Most women need a MINIMUM of 2-3 liters of fluid daily. While some of that fluid can come from beverages like milk, juice, coffee, or tea, it is best if a majority of it comes from water. If you struggle with meeting your daily water intake, here are 5 steps you can take to start hydrating better:
Drink a glass of water as soon as you get up. Starting your day with a glass of water (yes, even before your coffee) helps stimulate our brain and body, including our metabolism.
Carry a water bottle with you. People tend to be very visual when it comes to foods and beverages. If we see it, and it’s close to us, we are more likely to eat or drink it. This goes for those pesky donuts in the break room just as much as a water bottle on top of your desk, and not hidden away in a backpack!
Have a glass of water whenever you sit down to eat. Having a glass of water with meals not only aids in the digestion of food, but it also can help us eat a little less during mealtimes. Liquids take up space in our stomachs often leading to greater satisfaction with a smaller amount of food.
Every time you pass a water fountain, drink. If you see a water fountain or an opportunity to take a drink, seize it!
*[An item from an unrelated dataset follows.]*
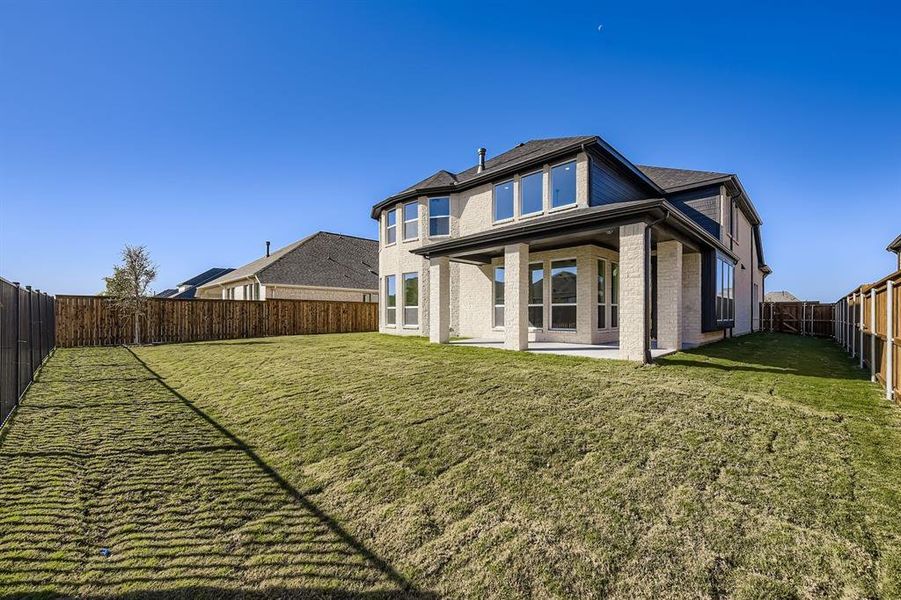 Back of property with a fenced backyard, a patio area, and brick siding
A few sips of water here and there can add up to an extra 1-2 cups of water over the course of the day.
Track your water intake with a phone app. There are very simple phone applications out there for hydration - one is Waterlogged. You can set your fluid ounce goals for the day and easily track how much you’ve consumed. You can also use the app to send you reminders to drink at various times during the day. Tracking your water intake can help you identify areas where you can improve, such as work, home, or on the field.
Just like any behavior change, increasing your water consumption takes some time and a little bit of effort. Starting to practice some of these habits now will help you stay hydrated as the weather starts to warm up.